CHAPITRE 2 : PRINCIPAUX PARADIGMES DE REFERENCE

En science politique, on constate qu’il y a une variété importante de théories politiques. Par- delà les divergences, ces types d’analyse présentent un trait commun. Tous perçoivent l’objet étudié comme une totalité, dont les éléments sont liés, interdépendants. Tous s’inspirent de l’approche globale. Ainsi nous présenterons successivement les courants théoriques dominants de la science politique : les éléments d’analyse marxiste, les éléments d’analyse systémique, des éléments d’analyse fonctionnelle et de développement politique.
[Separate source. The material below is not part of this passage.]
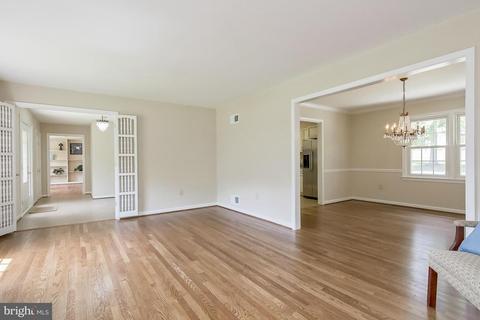 2605 Village Ln, Silver Spring, MD 20906 photo 15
Section 1.Eléments d’analyse marxiste

Marx et Engels proposent une explication matérialiste et déterministe de l’histoire. Ce matérialisme historique est un matérialisme dialectique, d’inspiration hégélienne. Selon l’analyse marxiste, l’évolution de la société résulte de l’évolution des conditions matérielles de la vie. A la base se trouvent les forces productives (instruments et techniques de production, force de travail des hommes et des objets auxquels s’applique ce travail). Ces forces productives engendrent des rapports de production : ce sont les rapports que les individus nouent entre eux à l’occasion de la production. Les deux éléments additionnés constituent ensemble le mode de production. Ce mode ou système de production est essentiel à connaître, car une société est déterminée à la fois par le niveau des forces productives et par l’état des rapports de production. Ces rapports de production modèlent la structure sociale, la répartition des classes sociales. Et cette structure sociale produit certaine façon de penser, certaines croyances, certaines institutions politiques et juridiques. En résumé, l’infrastructure (les forces productives et les rapports de production) détermine une superstructure qui en est le reflet. Cette superstructure comprend les institutions politiques, le droit, la morale, la religion, les arts.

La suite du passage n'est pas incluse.